The website for Shark Tank says Herjavec owns a private island, a fact that has been repeated in the press. It has also been reported that he owns property on Fisher Island near Miami, one of the most exclusive and wealthy enclaves in the U.S. Herjavec does not own an island. Nor is he on title for any property in Florida, according to property records from Miami Beach and Miami-Dade County.
"My personal assets – and the structure of them is set up for my benefit – including confidentiality, liability, and tax planning," Herjavec wrote in response to questions about whether he owns any property in Florida.
The jet he is shown climbing into at the beginning of each episode of Dragons' Den is not his. He owns a share in the jet. He says it's for business. The family also uses it to fly to Mont Tremblant to ski.
"The lease is coming up at the end of April. I told them, `I'm not keeping it, it's crazy expensive,'" he says. Now he's not so sure. He's worried about the safety of air travel.
On the day the Star visits, Herjavec's father is at the High Point Rd. mansion. He's a charming and roguish former mechanic in his 70s who effortlessly steals the spotlight from his son. Vladimir talks about how much he hated living under Communist rule in Tito's Yugoslavia, and how he was repeatedly jailed for speaking out against it.

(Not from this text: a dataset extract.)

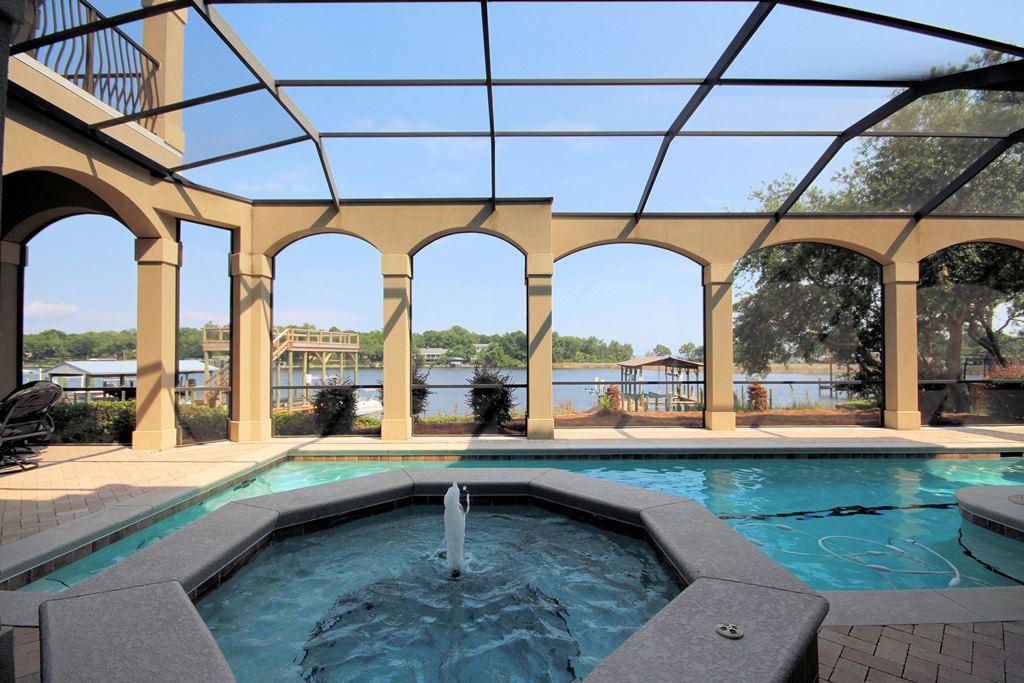 NORTH LAKE PIPPIN - Residential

Vladimir's father died when he was three, leaving a family of 10 children. "I was hungrier than a pig," says Vladimir. "When I came to Canada, I couldn't eat enough bread." Now he lives in Mississauga and travels often to Croatia. He still cannot believe his son's success.
"When I saw for the first time this room," he says of the ballroom, "I was shocked that something like this exists and my son made it."
Herjavec's mother died three years ago, aged 66.
In the brief biography of Herjavec that will air on Dragons' Den March 17, he visits his uncle in Croatia, who apparently still lives in the humble home Herjavec grew up in, with a barn out back for pigs. He gives his uncle a copy of the Dragons' Den to play. His uncle seems incredulous.
"There is a part of the world that doesn't know me – hard to believe, Caprice, isn't it?" Robert says to his daughter.
With files from Star library staff
BIOGRAPHY
Age: 47
Dragon personality: Nice, sympathetic.
Business holdings: Founder of The Herjavec Group, which sells network security products and services. Revenues in 2009 were $35.6 million.
Staff: 56.
Personal: Married to Diane Plese, three children.
Did you know? Herjavec's purchase of a Bridle Path mansion catapulted him into headlines in 2000.